The show got a lot of press for Chappelle’s comments on transgender. If you want to read about that angle, there is plenty to read on the internet, so I won’t directly address that issue. But I’d like to address the much smaller focus on Jews in the show, and how it relates to his larger message.
Chappelle made one joke early on that could be taken as antisemitic or anti-Israel. He described a movie he’d like to write about a group that leaves earth for a few thousand years and then comes back to claim earth as their own. The movie would be called “Space Jews.”
There was an audible groan from the audience. He says, “It’s gonna get a lot worse.” But I don’t think the audience reacted that way at any other point, even though it arguably did get a lot worse.

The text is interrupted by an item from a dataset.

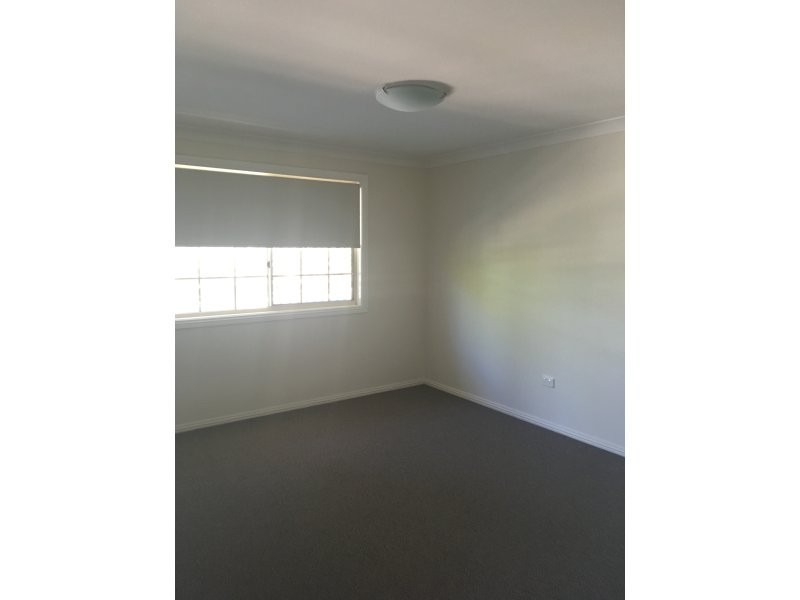 1/76 Glen Kedron, Kedron QLD 4031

Chappelle is a Muslim, and the show was in Detroit, which has a sizable Muslim population. He says at the end of the show that he’s going to stop making jokes about transgender. Maybe he was testing the waters on switching to anti-Israel material? If so, I’m glad the audience didn’t go for it. I was disappointed by the joke, but knowing I was watching a show that many people found offensive, I decided to take it and keep watching. But now having seen the whole show, I’d like to respond to that joke, as I don’t think it fit with his overall message, which I found quite meaningful.
Chappelle addressed the fact that he is frequently accused of “punching down” on transgender people, in other words, looking down on them when he makes fun. He seemed bothered by the fact that transgender activists don’t acknowledge the suffering that African Americans have endured in this country. As an example, in a response to a transgender person saying, “You don’t know what my people have been through,” Chappelle responds, “Were your people brought over on ships?”

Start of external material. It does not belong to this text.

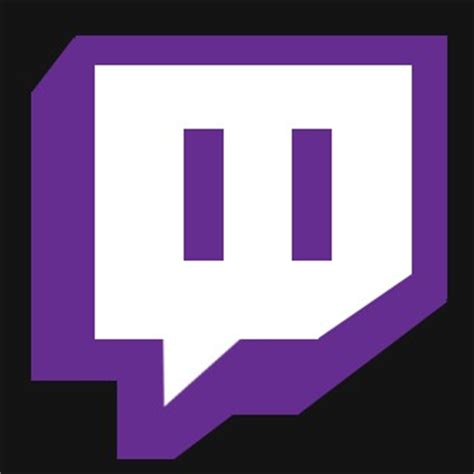 The latest tweets from twitch (@twitch). twitch - SomeGadgetGuy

I think he made clear over the course of the special that he is more than willing to connect to the suffering of transgender individuals, but not willing to treat their suffering as somehow greater or more important than that of Black people in this country.
I relate to this viewpoint very much. I am bothered by some of the “woke” activism for the same reason. We seem to pick a small number of favored “victim” groups and act as if everyone else is privileged and needs to understand and accommodate the suffering of those in the favored group. This then minimizes the suffering of those who didn’t make the cut for favored-victim status.
And somehow Jews never qualify for favored-victim status, despite our long history of persecution in almost every part of the world over the last 2,000 years, which unfortunately continues to this day.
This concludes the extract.